Institutions and laws matter for economic development. It is very clear from economic history that protection for property rights is necessary for industrialization and growth. But that was always about property rights in land and physical stuff. In the 1960’s the phrase “intellectual property rights” was created, and many people have just assumed that protecting so-called “intellectual property rights” is necessary to growth. Of course that assumption has been made without reference to the historical record. Now a German economic historian Eckhard Höffner, disputes this. Instead, he observes that the absence of copyright accompanied Germany’s fantastic growth and industrialization in the 19th century, leaving England and France in the dust. Frank Thadeusz, writing in Der Spiegel, says:
The entire country seemed to be obsessed with reading. The sudden passion for books struck even booksellers as strange and in 1836 led literary critic Wolfgang Menzel to declare Germans “a people of poets and thinkers.”
“That famous phrase is completely misconstrued,” declares economic historian Eckhard Höffner, 44. “It refers not to literary greats such as Goethe and Schiller,” he explains, “but to the fact that an incomparable mass of reading material was being produced in Germany.”Höffner has researched that early heyday of printed material in Germany and reached a surprising conclusion — unlike neighboring England and France, Germany experienced an unparalleled explosion of knowledge in the 19th century.
German authors during this period wrote ceaselessly. Around 14,000 new publications appeared in a single year in 1843. Measured against population numbers at the time, this reaches nearly today’s level. And although novels were published as well, the majority of the works were academic papers.

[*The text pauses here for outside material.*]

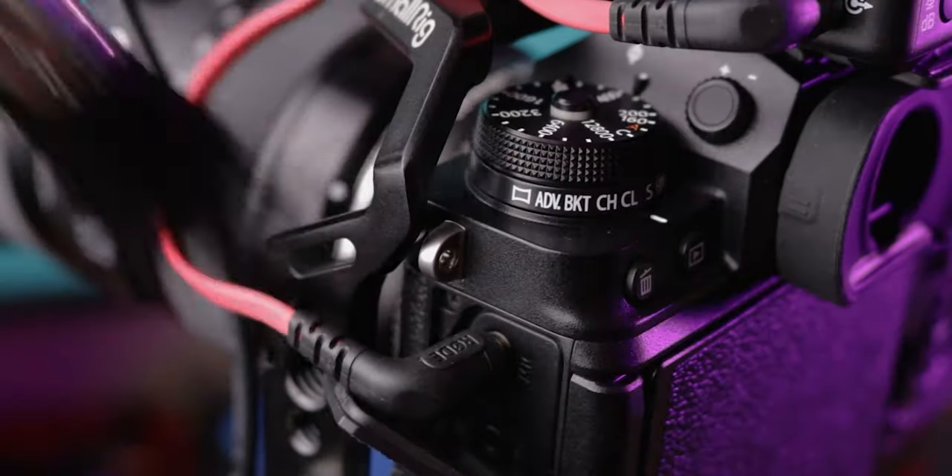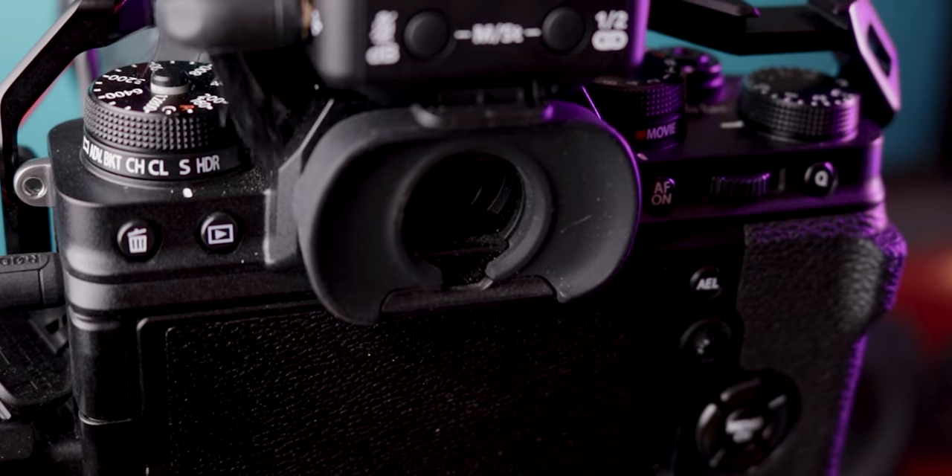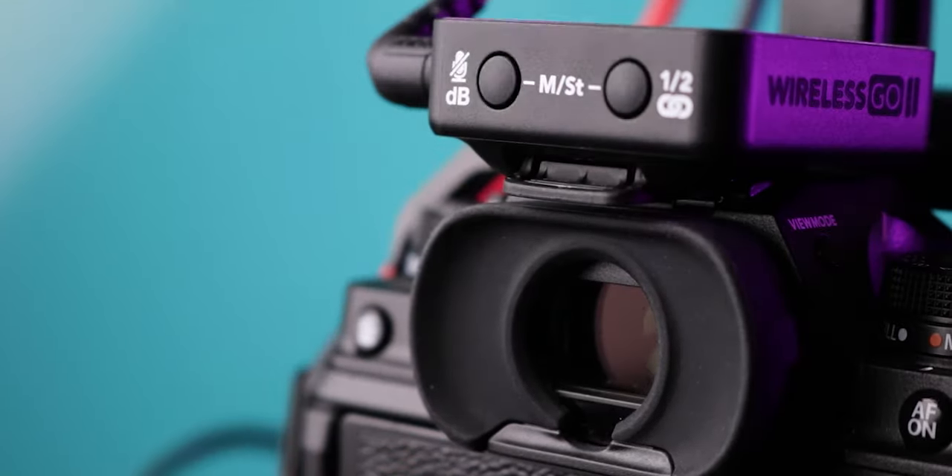This thing here is a regular paintbrush, but I use it all the time to clean my camera gear. It helps me get dust out in between dials and all the nooks and crannies, and it's way more convenient to carry with you than a can of compressed air. Plus, it's very solid.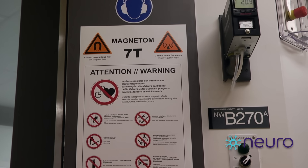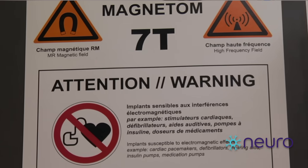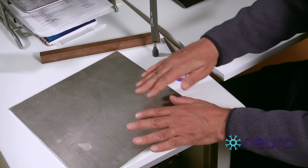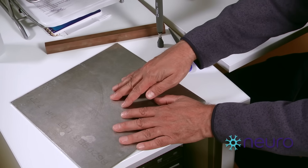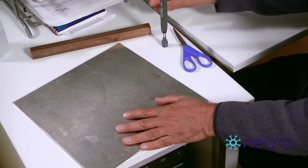That's an important safety issue with MR. We do a lot of training in order to make sure that people are sensitized to the need to keep metal objects away from the system. Now, it's interesting to see how these non-ferromagnetic metals behave when brought in proximity to the MRI system.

The situation in England was very different. “For the period of the Enlightenment and bourgeois emancipation, we see deplorable progress in Great Britain,” Höffner states.
Equally Developed Industrial Nation
Indeed, only 1,000 new works appeared annually in England at that time — 10 times fewer than in Germany — and this was not without consequences. Höffner believes it was the chronically weak book market that caused England, the colonial power, to fritter away its head start within the span of a century, while the underdeveloped agrarian state of Germany caught up rapidly, becoming an equally developed industrial nation by 1900.
Even more startling is the factor Höffner believes caused this development — in his view, it was none other than copyright law, which was established early in Great Britain, in 1710, that crippled the world of knowledge in the United Kingdom.
Germany, on the other hand, didn’t bother with the concept of copyright for a long time. Prussia, then by far Germany’s biggest state, introduced a copyright law in 1837, but Germany’s continued division into small states meant that it was hardly possible to enforce the law throughout the empire.
It is increasingly appearing that copyright is only economically good for publishers and those few authors/writers/performers who are fortunate enough to become superstars. Overall, for us the paying public we pay twice: once when we overpay for monopolistically produced books/songs, and twice when our economy and technologies fail to advance as fast as possible because we won’t/don’t/can’t share information. Let’s hope the World Wide Web can change that.